Hundreds of Texas residents have reported seeing a meteor streaking across Saturday night sky. NASA has also confirmed the incident and is investigating the details.
Dr. Bill Cooke, lead for NASA’s Meteoroid Environment Office told reporters in a conference call Sunday, “This was definitely what we call a fireball, which by definition is a meteor brighter than the planet Venus. This event was so bright that it was picked up on a NASA meteor camera in the mountains of New Mexico over 500 miles away, which makes it extremely unusual. This was a very bright event.”
Cooke further added that based on data from NASA’s camera the meteor could be at least four feet wide, weighed 4000 pounds and appeared five times brighter than the full moon.
The American Meteor Society reported that it has received more than 200 reports from residents of different parts of Lone Star State at almost the same time-9:45 p.m. ET.
News about the flash fleeting across the sky rapidly went viral on the social media sites. One You Tube user has captured the scene with his camera and has posted it online also. It is unclear if any pieces of the suspected meteor made its way to the Earth.
Cooke said that investigators are looking at things like weather radar data to confirm if it indeed was a meteor.

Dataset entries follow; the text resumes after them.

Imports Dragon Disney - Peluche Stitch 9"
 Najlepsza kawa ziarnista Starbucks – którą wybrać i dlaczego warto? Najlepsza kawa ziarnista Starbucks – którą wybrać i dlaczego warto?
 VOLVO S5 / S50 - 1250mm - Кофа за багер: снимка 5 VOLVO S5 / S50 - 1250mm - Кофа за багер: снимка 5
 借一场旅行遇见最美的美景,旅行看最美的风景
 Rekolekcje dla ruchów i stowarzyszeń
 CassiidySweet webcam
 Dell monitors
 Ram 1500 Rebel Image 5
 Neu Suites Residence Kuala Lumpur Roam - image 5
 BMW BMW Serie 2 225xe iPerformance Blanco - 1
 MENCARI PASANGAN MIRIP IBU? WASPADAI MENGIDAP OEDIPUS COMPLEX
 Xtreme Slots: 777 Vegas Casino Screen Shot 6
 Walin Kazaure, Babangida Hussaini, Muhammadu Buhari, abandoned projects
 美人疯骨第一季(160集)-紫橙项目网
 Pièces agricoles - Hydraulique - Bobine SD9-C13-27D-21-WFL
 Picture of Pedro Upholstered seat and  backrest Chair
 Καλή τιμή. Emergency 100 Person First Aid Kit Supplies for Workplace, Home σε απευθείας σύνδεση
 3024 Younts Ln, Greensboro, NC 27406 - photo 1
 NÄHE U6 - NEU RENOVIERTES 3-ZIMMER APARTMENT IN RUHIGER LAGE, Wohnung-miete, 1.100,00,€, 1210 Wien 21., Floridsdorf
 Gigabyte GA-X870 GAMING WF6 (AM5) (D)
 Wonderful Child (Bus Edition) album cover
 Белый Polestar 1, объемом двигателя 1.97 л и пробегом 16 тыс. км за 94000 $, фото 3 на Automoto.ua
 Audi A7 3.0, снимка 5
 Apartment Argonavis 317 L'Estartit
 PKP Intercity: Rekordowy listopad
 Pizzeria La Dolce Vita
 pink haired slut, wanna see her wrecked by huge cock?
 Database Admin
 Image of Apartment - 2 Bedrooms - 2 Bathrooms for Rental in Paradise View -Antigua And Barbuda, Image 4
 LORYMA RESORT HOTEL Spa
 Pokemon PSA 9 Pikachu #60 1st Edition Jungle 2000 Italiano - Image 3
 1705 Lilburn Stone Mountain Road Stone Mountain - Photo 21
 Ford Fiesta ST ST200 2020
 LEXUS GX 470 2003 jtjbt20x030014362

According to a report by the Maverick County Sheriff’s Department, the ground shook when the meteor hit the ground.
When a piece of comet or asteroid enters the Earth’s atmosphere, friction causes it to burn and if the piece is big, often break apart violently in an explosion.
The fireball which lit up the Saturday night could have been from the North Taurid meteor shower and has been known to produce bright fireball.
“We’re going to have to wait until we get more data to discriminate between the two of them,” Cooke said.
A NASA camera located near Mayhill, New Mexico captured an image of a brief, bright flash around 8:40 p.m. Central Time. Another camera located in Las Cruces, New Mexico detected a change in the sky’s brightness though it did not capture the event.